• _Information provided_:
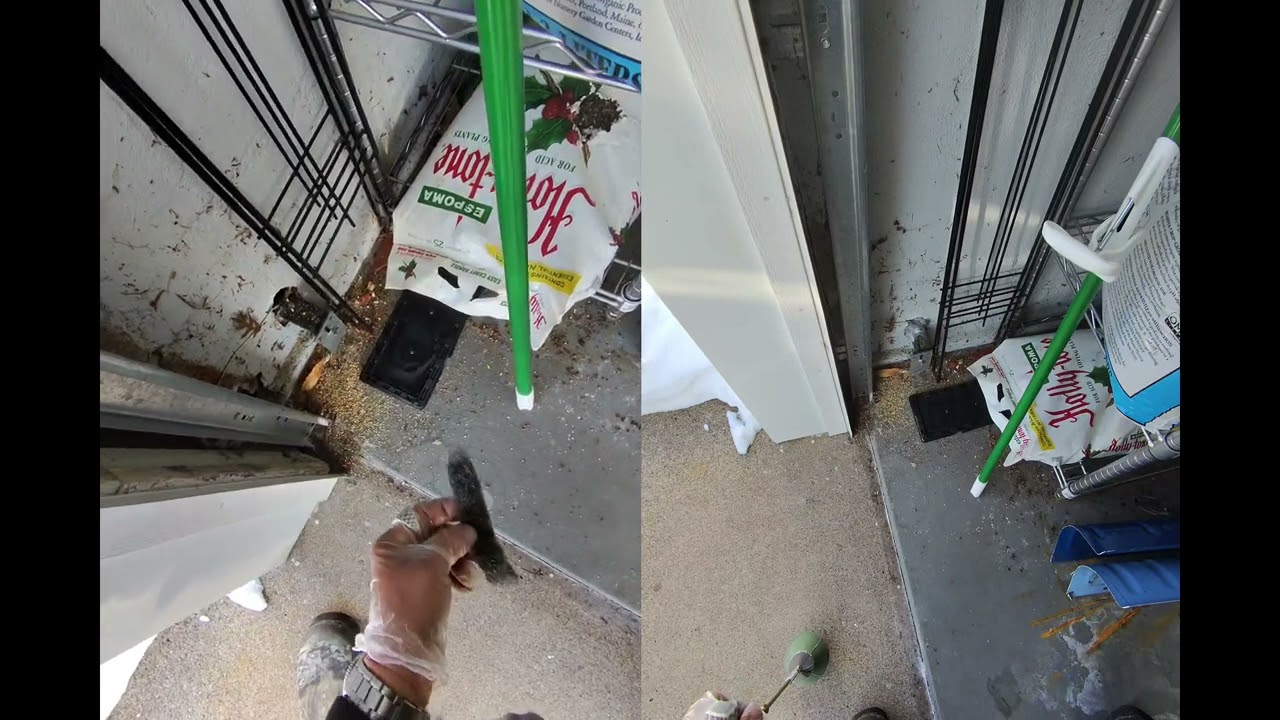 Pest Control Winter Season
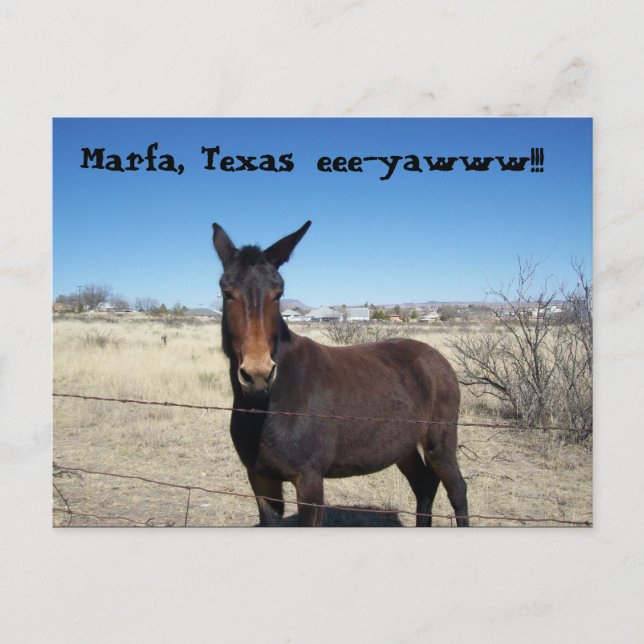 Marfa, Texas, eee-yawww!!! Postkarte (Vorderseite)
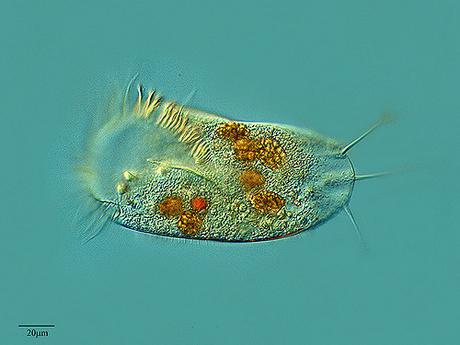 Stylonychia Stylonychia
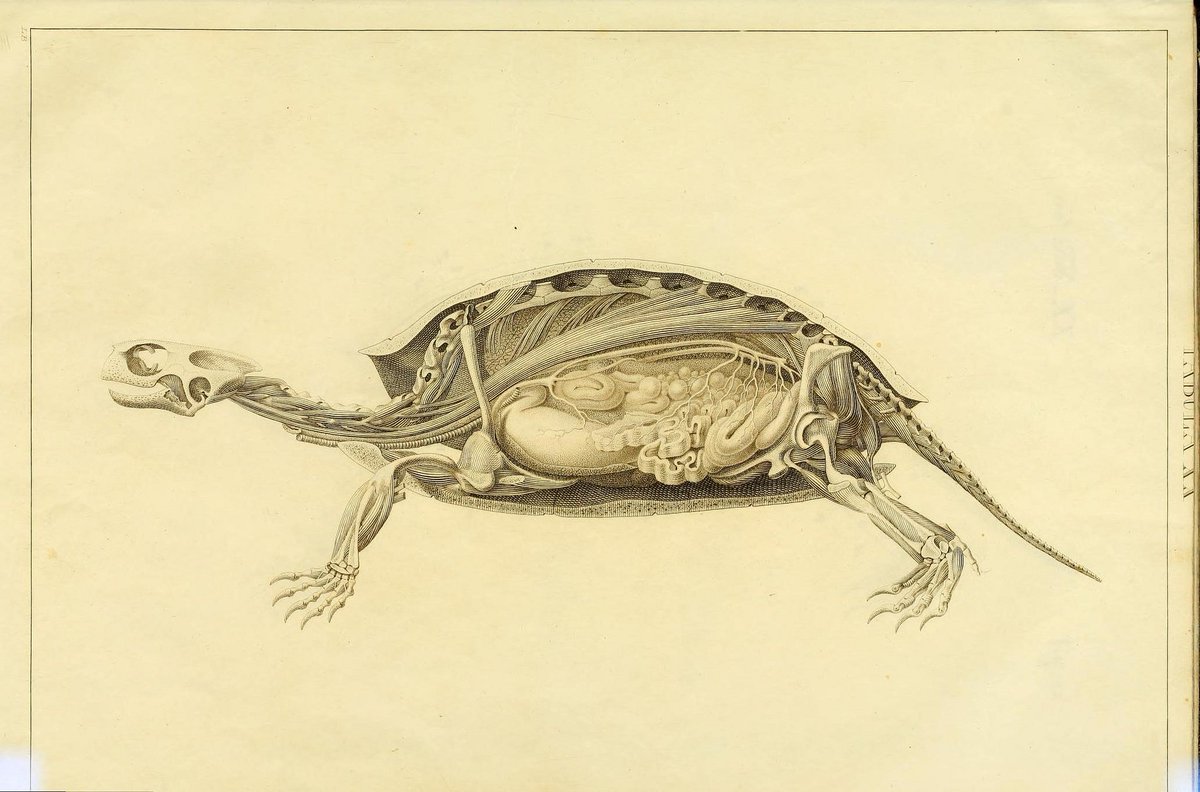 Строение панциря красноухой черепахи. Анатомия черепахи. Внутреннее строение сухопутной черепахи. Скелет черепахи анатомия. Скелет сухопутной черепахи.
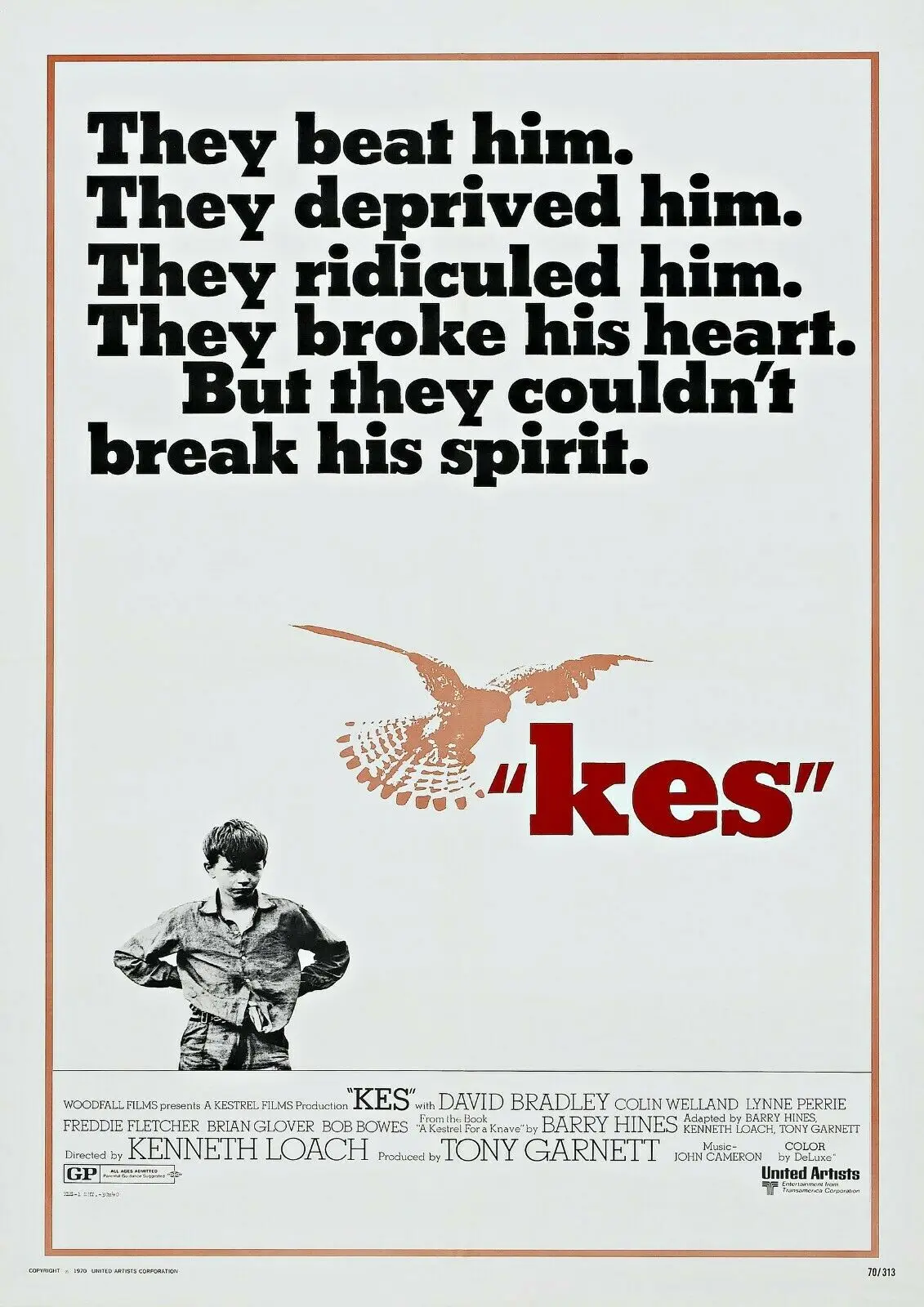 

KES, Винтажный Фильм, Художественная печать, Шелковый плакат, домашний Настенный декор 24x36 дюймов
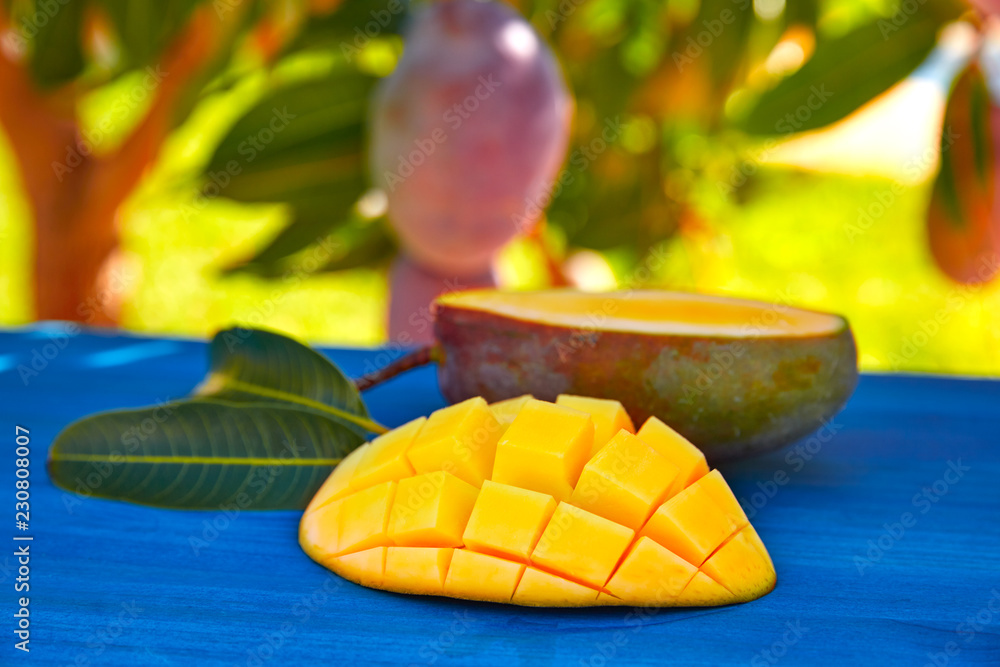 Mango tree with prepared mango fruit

• _What to produce_:
Each entry needs to be retyped exactly; the pictures stay out.

• _Completed exercise_:
 Pest Control Winter Season
 Marfa, Texas, eee-yawww!!! Postkarte (Vorderseite)
 Stylonychia Stylonychia
 Строение панциря красноухой черепахи. Анатомия черепахи. Внутреннее строение сухопутной черепахи. Скелет черепахи анатомия. Скелет сухопутной черепахи.

KES, Винтажный Фильм, Художественная печать, Шелковый плакат, домашний Настенный декор 24x36 дюймов
 Mango tree with prepared mango fruit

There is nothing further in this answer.